Murdoch was a duke, however, and the trouble with dukes was that they required respectful, delicate, but firm handling—Percival’s own duchess had assured him of this—and one crossed a duke at considerable peril.
Especially a duke in love.
“Has a custom sprung up in Scotland,” Percival began, “of accosting young ladies in their own gardens and making spectacles of them with passionate overtures? Is this an accepted practice where you come from, Murdoch, when no understanding has been established with the young lady or her family?”

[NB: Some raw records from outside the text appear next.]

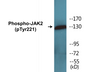 Western blot analysis of extracts from K562 cells, using JAK2 (Phospho-Tyr221) Antibody.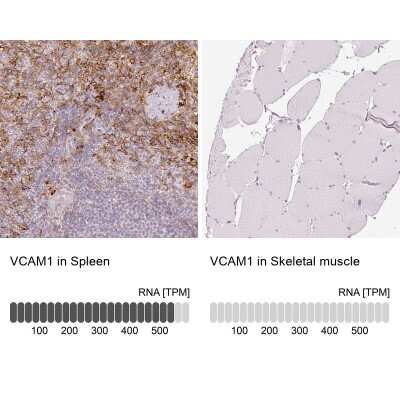 Immunohistochemistry-Paraffin: VCAM-1/CD106 Antibody [NBP2-38223]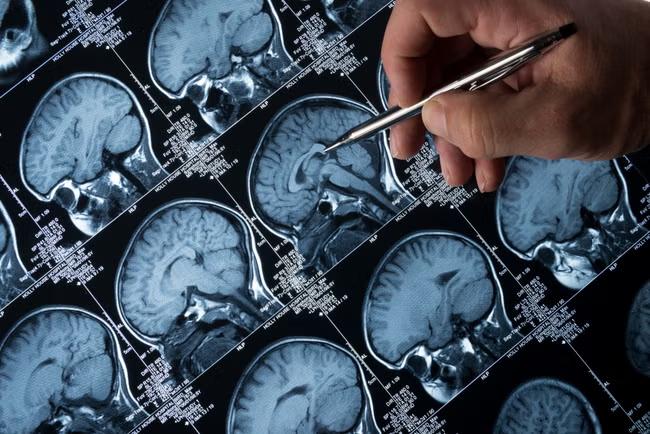 A simple blood test could predict Alzheimer's decline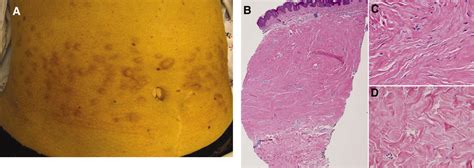 Nodular Keloidal Scleroderma Acquired Collagenous Nodules In Systemic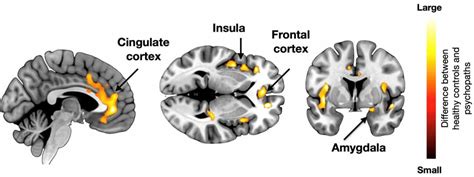 Psychopathic Brain Scans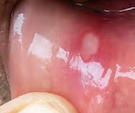 Aphthous ulcers, Causes, Symptoms & Treatments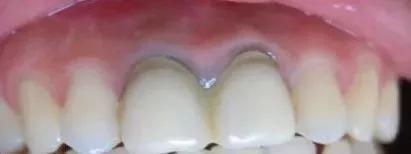 牙冠修复和牙齿贴面哪个比较好,修复牙齿应该先洗牙还是先补牙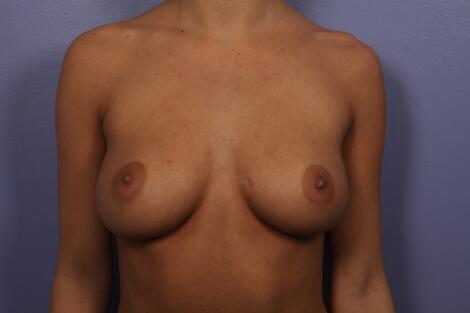 Breast Augmentation Before & After Image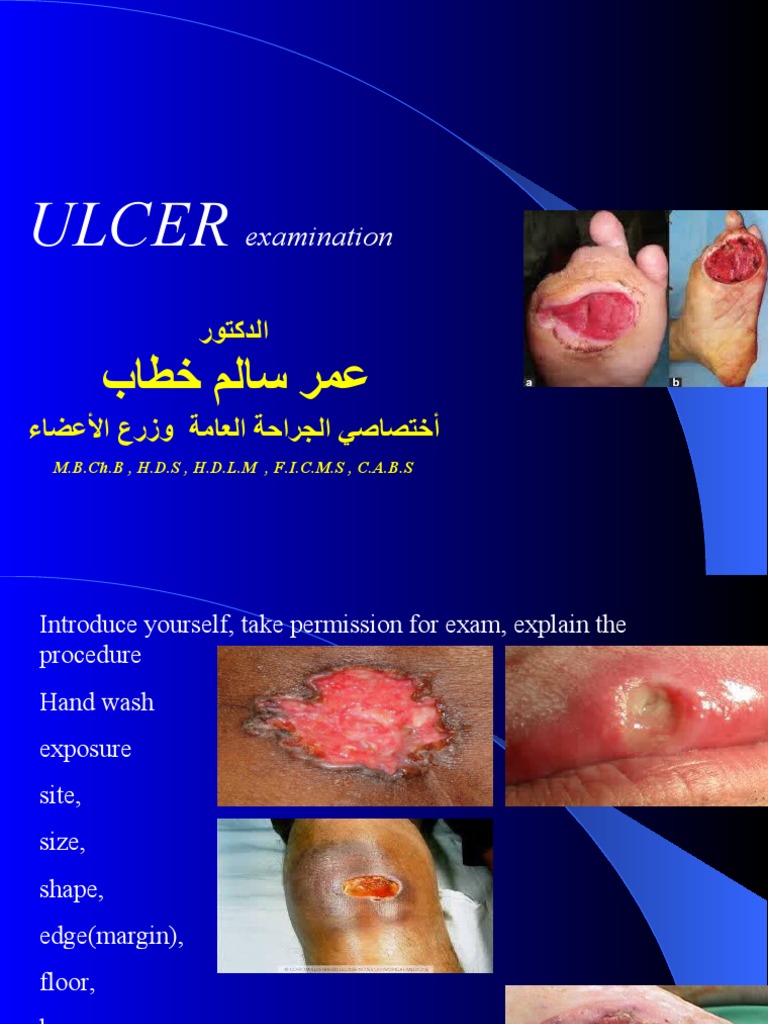 Lump Examination | PDF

Murdoch assumed the posture of an officer at attention, his gaze unnervingly flat. “I do apologize, Your Grace. My behavior was inappropriate and ungentlemanly. I meant the young lady no disrespect, nor will I ever.”
As stirring declarations went, that would do nicely, but what had Murdoch truly been about?
Moreover, what would Percival’s duchess make of those gruff admissions? They were the right admissions—heartfelt apology, acceptance of all responsibility, assurance of future good conduct—and offered with convincing probity, but the nuances, like the Scot’s gaze, bore an impenetrable quality.